Depuis plus d’un an, des milliers d’agriculteur·ices européen·nes s’insurgent contre les contraintes économiques, juridiques et administratives qui les empêchent de vivre décemment tout en subissant de plein fouet les conséquences du déréglement climatique. Puisque les aliments sains et de qualité coûtent de plus en plus chers se nourrir sans nuire à l’environnement est difficile. De plus, les conditions de travail des agriculteur·ices et des travailleur·euses de l’agroalimentaire se dégradent de manière préoccupante. Pendant ce temps, les grandes entreprises de l’agro-industries qui produisent, transforment, vendent et distribuent les produits agricoles, avec l’appui de nos gouvernements, engrangent des profits indécents. En tant que mouvement citoyen pour la justice sociale et environnementale, Code Rouge appelle à se soulever aux côtés des agriculteur·ices et des paysan·nes contre l’agro-industrie.

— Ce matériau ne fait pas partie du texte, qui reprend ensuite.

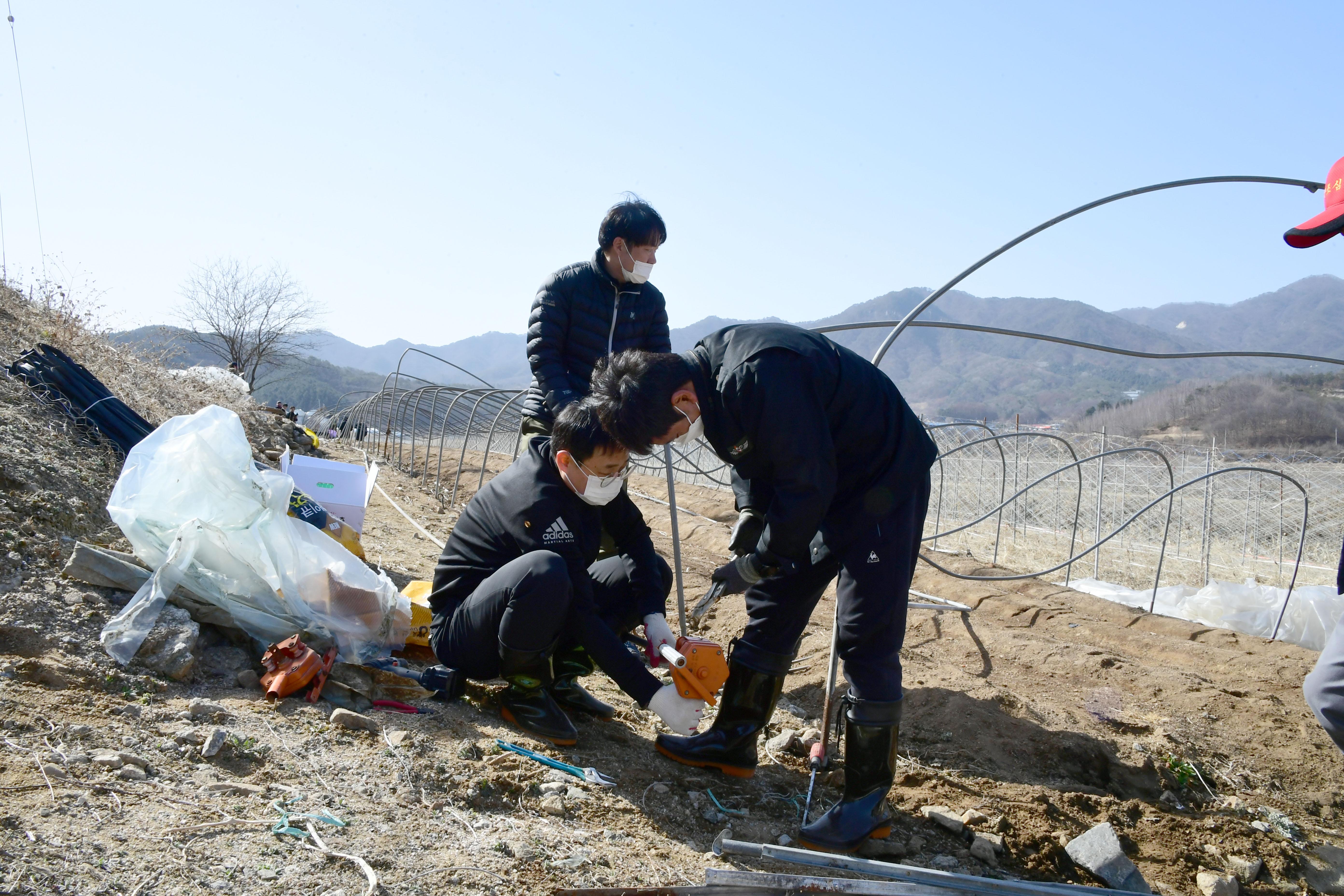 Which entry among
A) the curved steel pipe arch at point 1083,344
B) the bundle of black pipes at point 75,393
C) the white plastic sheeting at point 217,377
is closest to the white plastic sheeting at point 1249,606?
the curved steel pipe arch at point 1083,344

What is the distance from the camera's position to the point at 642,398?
1.99 m

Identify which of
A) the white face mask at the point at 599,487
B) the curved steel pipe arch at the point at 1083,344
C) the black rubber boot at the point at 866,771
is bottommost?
the black rubber boot at the point at 866,771

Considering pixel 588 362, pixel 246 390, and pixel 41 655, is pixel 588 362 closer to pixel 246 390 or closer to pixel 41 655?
pixel 41 655

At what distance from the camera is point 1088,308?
189500 mm

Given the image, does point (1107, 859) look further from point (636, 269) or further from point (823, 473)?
point (636, 269)

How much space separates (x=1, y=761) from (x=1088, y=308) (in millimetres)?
214451

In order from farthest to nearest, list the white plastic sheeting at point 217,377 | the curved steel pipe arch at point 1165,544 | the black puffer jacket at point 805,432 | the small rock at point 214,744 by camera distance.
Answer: the white plastic sheeting at point 217,377 → the curved steel pipe arch at point 1165,544 → the black puffer jacket at point 805,432 → the small rock at point 214,744

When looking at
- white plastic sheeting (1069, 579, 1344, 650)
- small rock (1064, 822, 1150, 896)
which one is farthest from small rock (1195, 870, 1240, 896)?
white plastic sheeting (1069, 579, 1344, 650)

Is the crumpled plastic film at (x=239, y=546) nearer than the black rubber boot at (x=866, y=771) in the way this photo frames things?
No

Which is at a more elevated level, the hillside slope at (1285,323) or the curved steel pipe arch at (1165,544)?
the hillside slope at (1285,323)

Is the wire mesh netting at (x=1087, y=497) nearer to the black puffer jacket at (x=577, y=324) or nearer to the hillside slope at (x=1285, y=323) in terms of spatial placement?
the black puffer jacket at (x=577, y=324)

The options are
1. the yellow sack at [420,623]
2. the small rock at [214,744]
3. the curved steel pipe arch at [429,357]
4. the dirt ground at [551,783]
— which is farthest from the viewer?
the curved steel pipe arch at [429,357]

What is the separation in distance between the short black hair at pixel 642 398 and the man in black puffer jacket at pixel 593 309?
0.95 metres

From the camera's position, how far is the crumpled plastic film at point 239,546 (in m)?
2.60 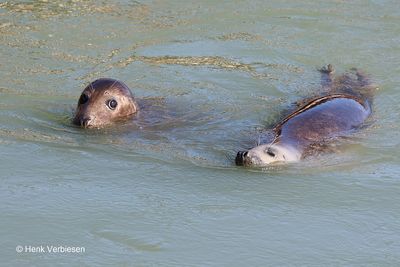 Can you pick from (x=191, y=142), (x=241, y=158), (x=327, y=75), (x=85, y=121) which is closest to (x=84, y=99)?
(x=85, y=121)

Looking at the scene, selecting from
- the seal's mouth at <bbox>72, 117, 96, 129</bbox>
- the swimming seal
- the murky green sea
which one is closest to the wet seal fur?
the murky green sea

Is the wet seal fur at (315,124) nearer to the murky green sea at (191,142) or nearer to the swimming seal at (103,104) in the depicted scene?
the murky green sea at (191,142)

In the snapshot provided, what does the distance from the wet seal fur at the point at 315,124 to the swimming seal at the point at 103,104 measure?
1366mm

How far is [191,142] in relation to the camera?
6.80 m

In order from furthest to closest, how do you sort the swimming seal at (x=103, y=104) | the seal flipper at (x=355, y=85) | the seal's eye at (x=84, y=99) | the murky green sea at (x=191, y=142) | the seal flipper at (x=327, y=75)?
the seal flipper at (x=327, y=75)
the seal flipper at (x=355, y=85)
the seal's eye at (x=84, y=99)
the swimming seal at (x=103, y=104)
the murky green sea at (x=191, y=142)

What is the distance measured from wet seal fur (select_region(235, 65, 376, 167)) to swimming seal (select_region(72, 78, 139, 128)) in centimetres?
137

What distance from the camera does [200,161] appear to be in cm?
620

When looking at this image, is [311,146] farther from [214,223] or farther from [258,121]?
[214,223]

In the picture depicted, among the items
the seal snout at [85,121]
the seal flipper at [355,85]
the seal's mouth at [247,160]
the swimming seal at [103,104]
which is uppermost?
the seal flipper at [355,85]

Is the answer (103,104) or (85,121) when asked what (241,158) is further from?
(103,104)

L’agriculture ne se réduit pas à la production de nourriture. Au contraire, les agriculteur·ices prennent soin des relations complexes entre la terre, la biodiversité, le climat et les humains. Iels développent des savoirs qui se transmettent de génération en génération et ce depuis des décennies. Pourtant, au cours des 70 dernières années, enivrés par les promesses de l’industrialisation et par les engrais synthétiques, les pesticides, les OGM et les technologies dépendantes des énergies fossiles, entreprises et gouvernements ont précarisé le travail agricole traditionnel. L’agriculture devient alors une industrie concurentielle qui s’appuie sur des pratiques nuisibles pour les sols, l’environnement et les humains.

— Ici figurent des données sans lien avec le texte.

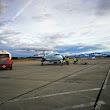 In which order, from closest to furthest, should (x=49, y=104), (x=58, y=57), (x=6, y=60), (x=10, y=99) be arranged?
(x=49, y=104), (x=10, y=99), (x=6, y=60), (x=58, y=57)

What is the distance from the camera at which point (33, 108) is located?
21.3 feet

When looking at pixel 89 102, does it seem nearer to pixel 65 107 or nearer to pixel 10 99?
pixel 65 107

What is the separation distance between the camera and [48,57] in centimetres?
4366

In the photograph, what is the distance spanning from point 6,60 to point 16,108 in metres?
22.7

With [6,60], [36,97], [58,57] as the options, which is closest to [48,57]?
[58,57]

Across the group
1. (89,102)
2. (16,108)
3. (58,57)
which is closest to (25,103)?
(16,108)

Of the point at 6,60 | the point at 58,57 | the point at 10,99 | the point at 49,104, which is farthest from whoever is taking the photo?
the point at 58,57

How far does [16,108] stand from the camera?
6.47 m

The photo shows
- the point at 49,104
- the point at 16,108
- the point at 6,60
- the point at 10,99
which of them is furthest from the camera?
the point at 6,60

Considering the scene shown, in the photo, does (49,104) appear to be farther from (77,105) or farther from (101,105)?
(101,105)

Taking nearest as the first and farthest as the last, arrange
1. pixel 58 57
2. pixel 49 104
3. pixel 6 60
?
pixel 49 104 → pixel 6 60 → pixel 58 57

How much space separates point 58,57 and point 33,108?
36.4 metres

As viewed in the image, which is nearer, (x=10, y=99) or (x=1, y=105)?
(x=1, y=105)

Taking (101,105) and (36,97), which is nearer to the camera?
(101,105) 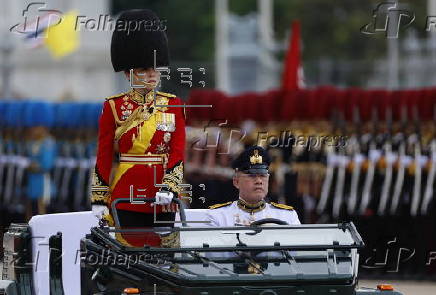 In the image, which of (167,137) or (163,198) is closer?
(163,198)

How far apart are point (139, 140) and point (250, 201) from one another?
764 mm

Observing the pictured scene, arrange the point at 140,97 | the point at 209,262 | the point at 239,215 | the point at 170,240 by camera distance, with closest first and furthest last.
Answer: the point at 209,262
the point at 170,240
the point at 239,215
the point at 140,97

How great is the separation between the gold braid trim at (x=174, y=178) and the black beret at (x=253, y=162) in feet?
1.11

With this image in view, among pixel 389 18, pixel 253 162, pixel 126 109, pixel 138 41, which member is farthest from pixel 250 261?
pixel 389 18

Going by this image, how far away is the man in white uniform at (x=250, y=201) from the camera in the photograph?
8.86 m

La concurrence nourrit les entreprises. Les agriculteur·ices nourrissent les populations. Il est temps d’agir collectivement et massivement contre le système agro-industriel. Nous appelons donc à construire la souveraineté alimentaire afin que chacun·e reprenne le pouvoir sur son alimentation. Les peuples ont « le droit à une alimentation saine et culturellement appropriée, produite par des méthodes socialement justes, écologiquement saines et durables, et leur droit collectif à définir leurs propres politiques, stratégies et systèmes de production, de distribution et de consommation alimentaires.” (La Via Campesina, 1996)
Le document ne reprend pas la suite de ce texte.